Literatura politicamente correta é o caminho?

A polêmica sobre a proibição dos livros de Monteiro Lobato nas escolas

         “Os livros de Monteiro Lobato deveriam ser proibidos nas escolas.” Esta afirmação foi feita na 20ª Semana de Jornalismo da Faculdade Cásper Líbero, no debate A presença do negro na mídia brasileira, pela representante da Coordenadoria de Assuntos da População Negra da Prefeitura de São Paulo (CONE-SP), Maria Aparecida Laia.

A polêmica sobre se o escritor Monteiro Lobato (1882 -1948) era racista ganhou força no Brasil, particularmente, depois que, em 2011, o Conselho Federal de Educação emitiu um parecer que classificou o livro As Caçadas de Pedrinho, de 1933, como racista.

No parecer, o tratamento dado no livro à Tia Nastácia, no qual é comparada a uma “macaca de carvão”, deu embasamento para que o Conselho caracterizasse as citações como ofensivas e racistas. Antes de o organismo tomar esta posição, já havia uma corrente académica que via racismo no tratamento dado à personagem pelo autor.

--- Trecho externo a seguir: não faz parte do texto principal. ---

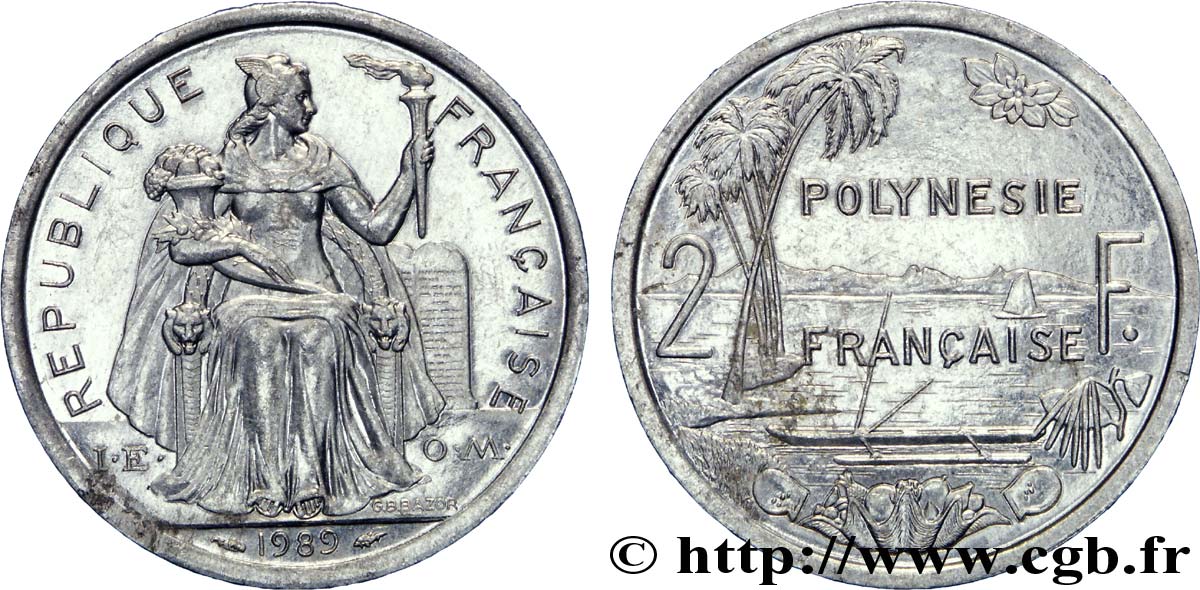 FRENCH POLYNESIA 2 Francs I.E.O.M. Polynésie Française 1989 Paris AU 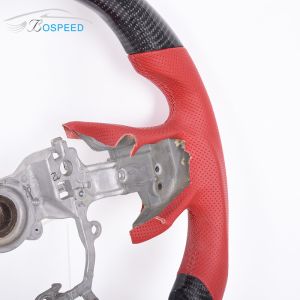 Red Leather Sports A90 Supra Steering Wheel Toyota Alcantara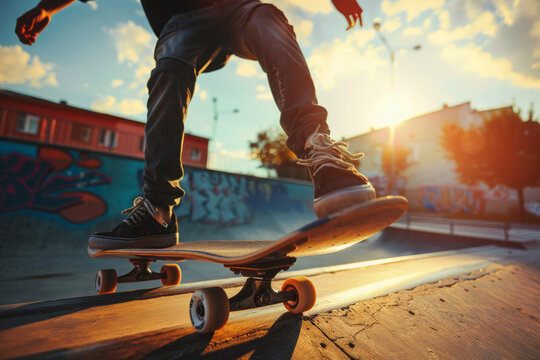 Skateboarder doing Kickflip on ramp in skate park close up with space for text or inscriptions
 - Powered by Adobe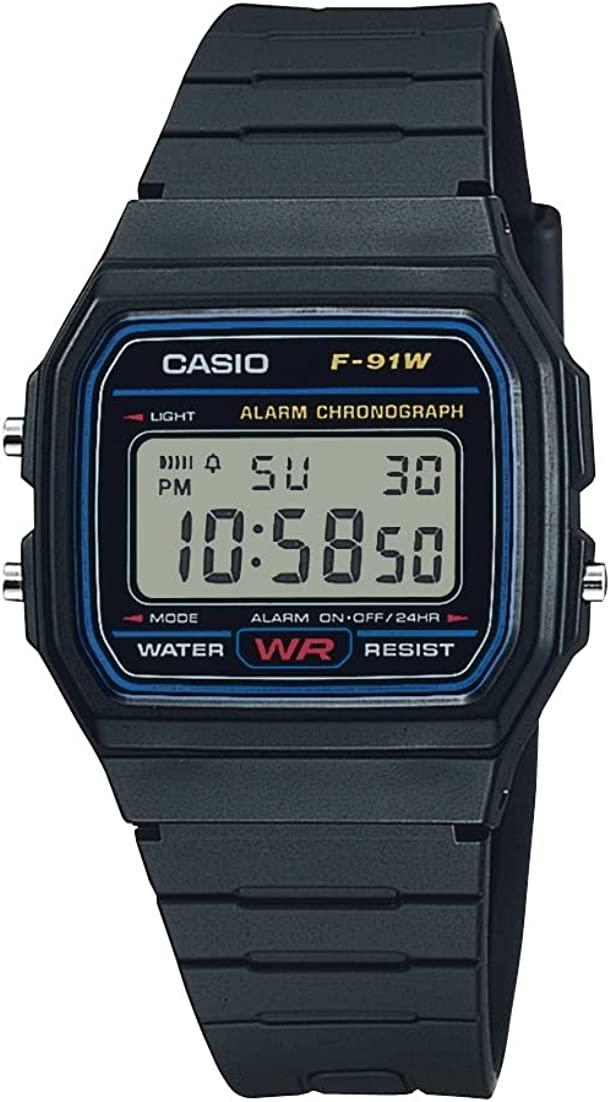 Black Цифровий спортивний годинник Casio F91W-1 із класичним полімерним ремінцем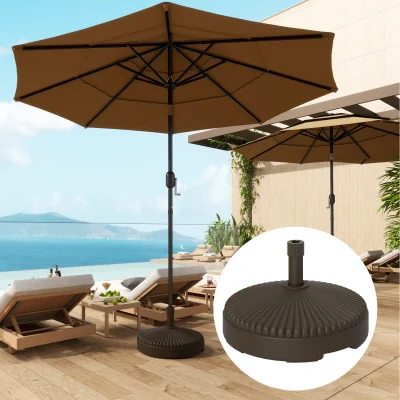The Range Outsunny 28kg Sand Filled, 23kg Water Filled, Garden Parasol Base - Brown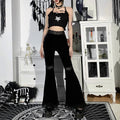 Women's Black Lace High-Waist Flared Trousers – S–L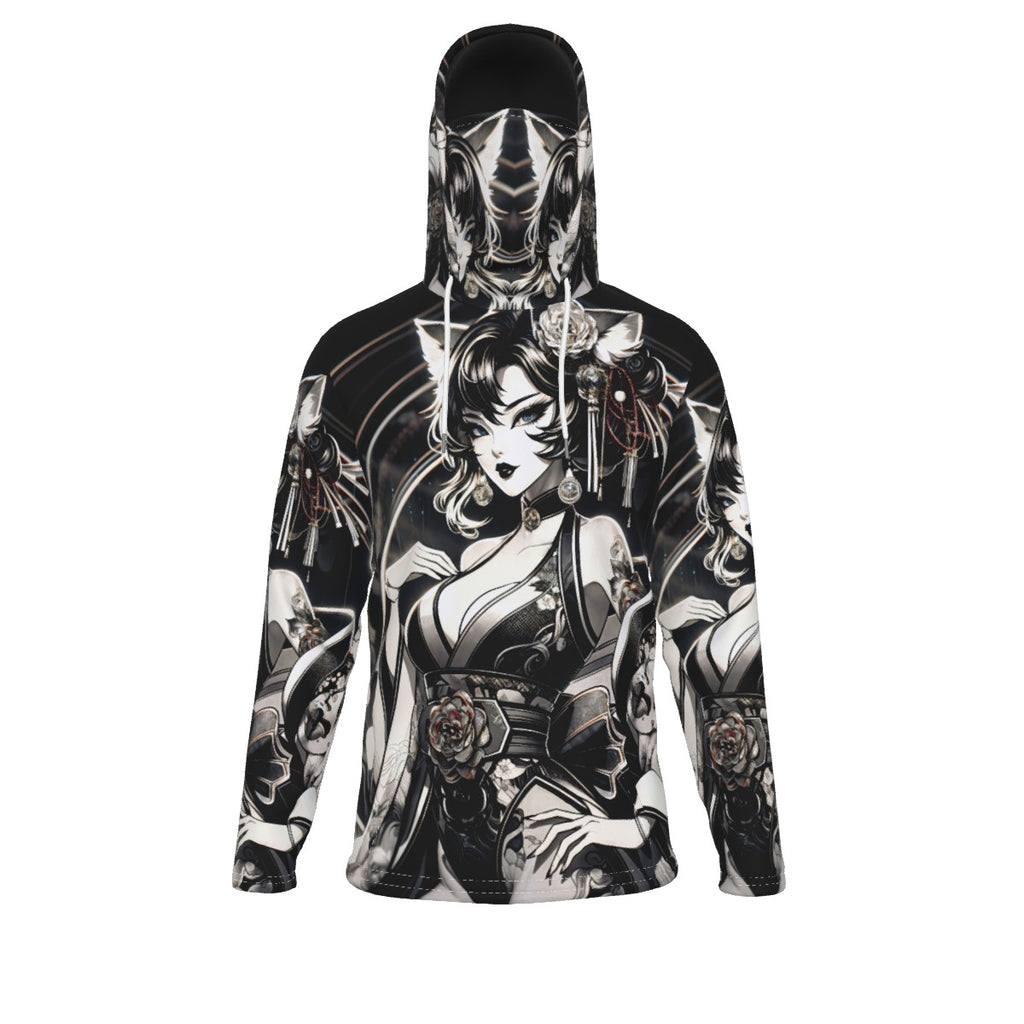 Anime Pin-Up Girl Cat Hoodie with Mask by Bazaar Design Style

Alguns estados, como Mato Grosso e Paraíba chegaram a tirar o livro do currículo escolar, embora o Ministério da Educação houvesse vetado o parecer.

A polêmica tomou conta também de intelectuais e meios de comunicação. Mas, com menos paixão, precisamos pensar sobre este assunto.

O fato de o autor Monteiro Lobato ter aderido, pelo menos durante algumas décadas, à fatídica e monstruosa ideia da eugenia, que, na prática, exaltava a superioridade da raça “branca”, não anula a obra do escritor, sem dúvida, um dos mais talentosos artistas do Brasil.

Ele legou ao Brasil uma literatura infantil de altíssima qualidade, e o prazer da leitura de seus livros, usufruído por gerações, é inegável.

Contudo, as editoras e os governos precisam adotar medidas que alertem os leitores de Monteiro Lobato sobre as passagens racistas que se encontrem em seus livros.

Livros de outros autores, nacionais e internacionais, contêm também expressões preconceituosas em relação à mulher, à homossexualidade, contra estrangeiros. Os gordos, os magros, os nordestinos, são estereotipados de maneira a causar o riso, enfim, a literatura está repleta de fórmulas preconceituosas em todas as esferas.

Sem grande esforço, podemos citar Dom Quixote, que tratava o pobre Sancho Pança como um ser com limitações mentais. Devemos banir Cervantes das bibliotecas escolares? Os governos devem permitir apenas o contato com obras “politicamente corretas”? A divulgação de toda produção literária que insinue alguma atitude preconceituosa deve ser proibida? Qual seria o limite para este movimento “salvador”?

A história da Humanidade nos esclarece que os escritores e artistas, mesmo aqueles que se destacaram pelo combate a algum preconceito específico, são seres humanos nascidos numa determinada época.

Isto não significa aceitá-los sem crítica. É claro que não devemos fechar olhos e ouvidos às discriminações encontradas na literatura. Mas essa atitude cidadã não pode cegar-nos até o ponto de deixar de apreciar a arte de uma obra que é também resultado do talento humano.

A luta contra a discriminação racial no Brasil e no Mundo é parte da nossa História. Está inscrita na batalha permanente pela edificação de homens e mulheres cada vez mais íntegros e sensíveis.

Queimar livros (ou seres humanos!), pelas suas convicções preconceituosas, não faz de nós paladinos inquestionáveis da moral humana, ou modelos imaculados que todos devam seguir. Tal atitude mais retira do que agrega a nosso combate pela igualdade de direitos para todos.